:: WORK ORDER ::
For this exercise, copy each line of the records that contains the word "with".

==== DATA SUPPLIED ====

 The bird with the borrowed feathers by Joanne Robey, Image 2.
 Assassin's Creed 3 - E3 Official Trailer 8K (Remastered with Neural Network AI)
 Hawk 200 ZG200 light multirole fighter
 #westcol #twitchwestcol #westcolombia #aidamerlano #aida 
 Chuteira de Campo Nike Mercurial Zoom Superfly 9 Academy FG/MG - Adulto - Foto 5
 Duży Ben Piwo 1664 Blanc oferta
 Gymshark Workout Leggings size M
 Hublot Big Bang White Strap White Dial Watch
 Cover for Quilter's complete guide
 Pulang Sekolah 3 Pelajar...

====
==== DATA SUPPLIED ====

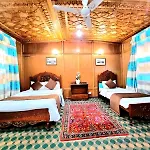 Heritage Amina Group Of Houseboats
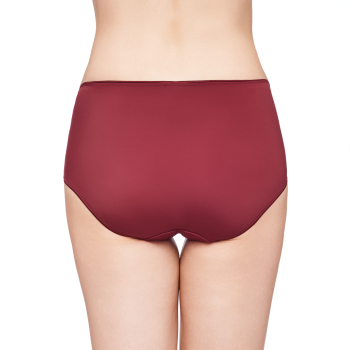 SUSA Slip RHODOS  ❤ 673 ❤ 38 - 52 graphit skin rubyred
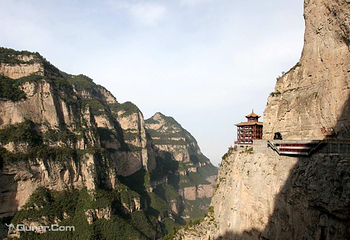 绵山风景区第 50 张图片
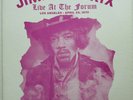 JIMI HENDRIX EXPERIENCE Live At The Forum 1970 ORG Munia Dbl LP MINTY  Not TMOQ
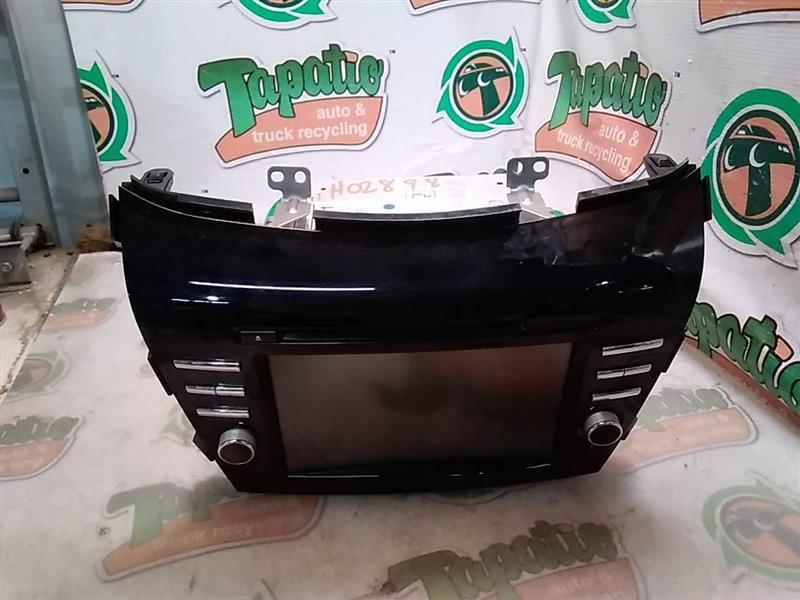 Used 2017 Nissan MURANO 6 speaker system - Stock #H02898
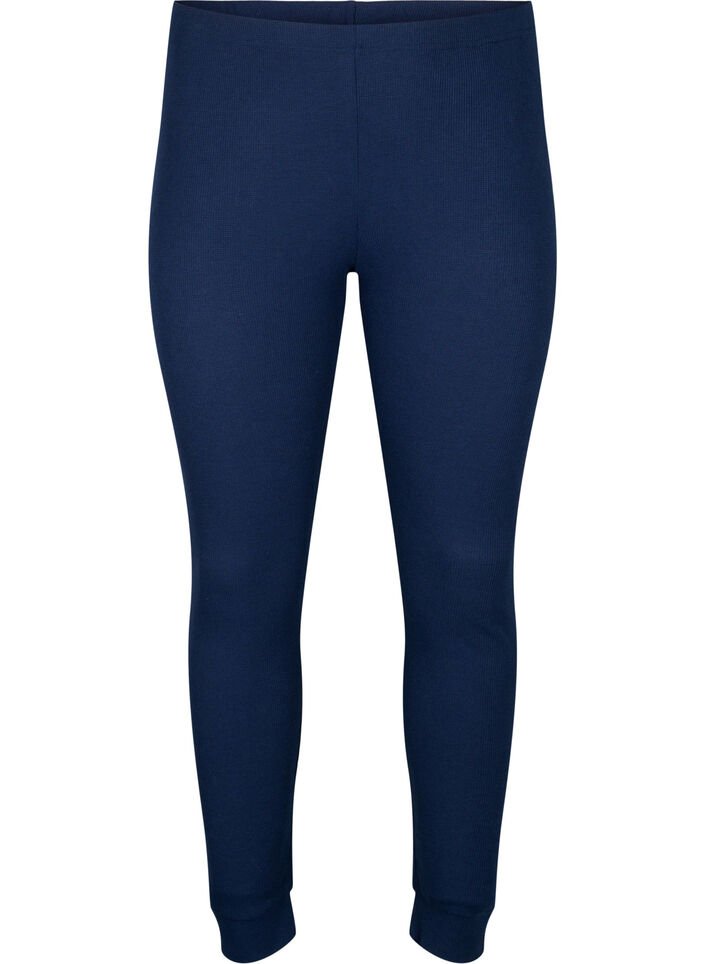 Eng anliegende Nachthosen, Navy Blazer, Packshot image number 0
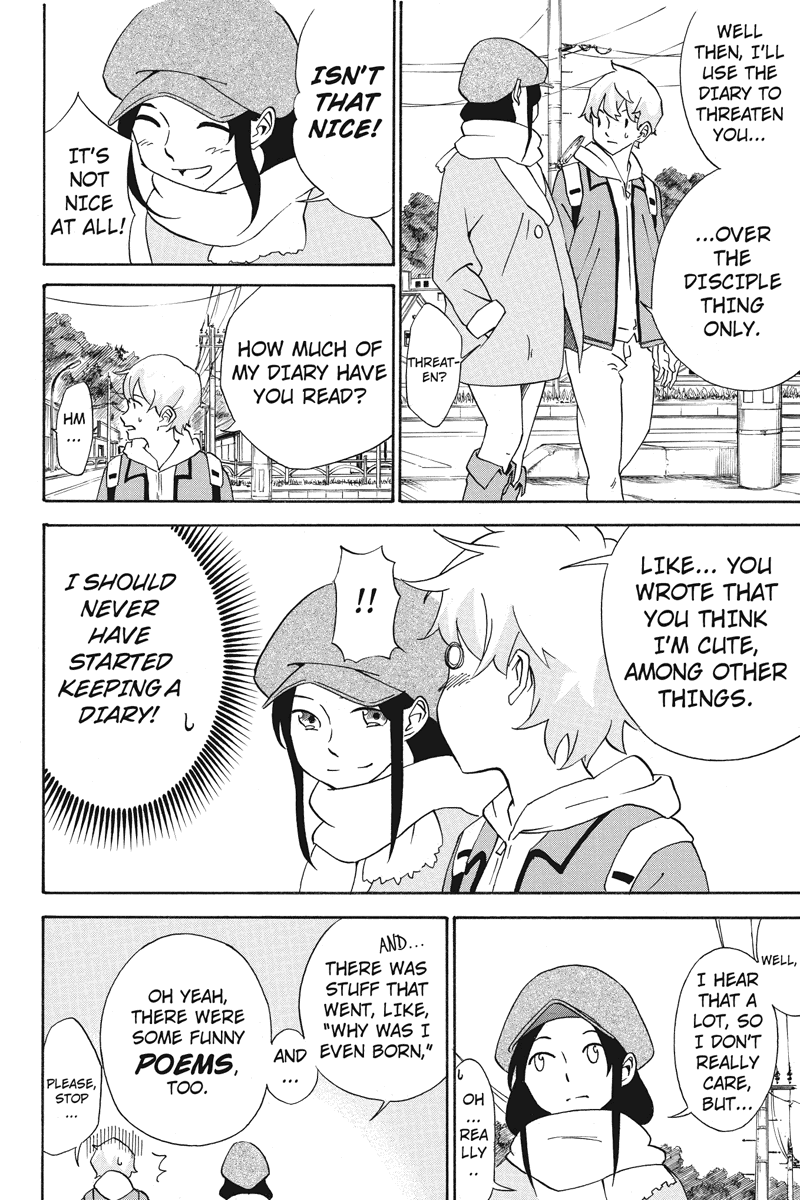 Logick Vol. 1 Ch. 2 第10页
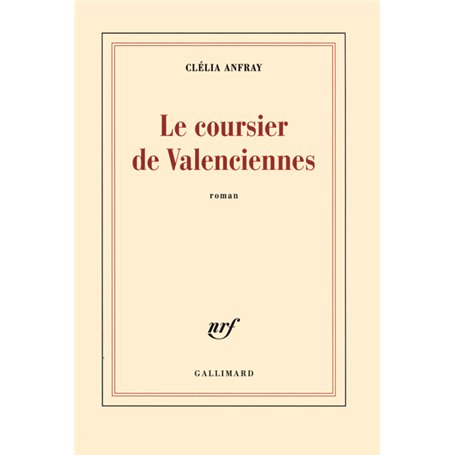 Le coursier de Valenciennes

====

:: RESULT ::
 The bird with the borrowed feathers by Joanne Robey, Image 2.
 Assassin's Creed 3 - E3 Official Trailer 8K (Remastered with Neural Network AI)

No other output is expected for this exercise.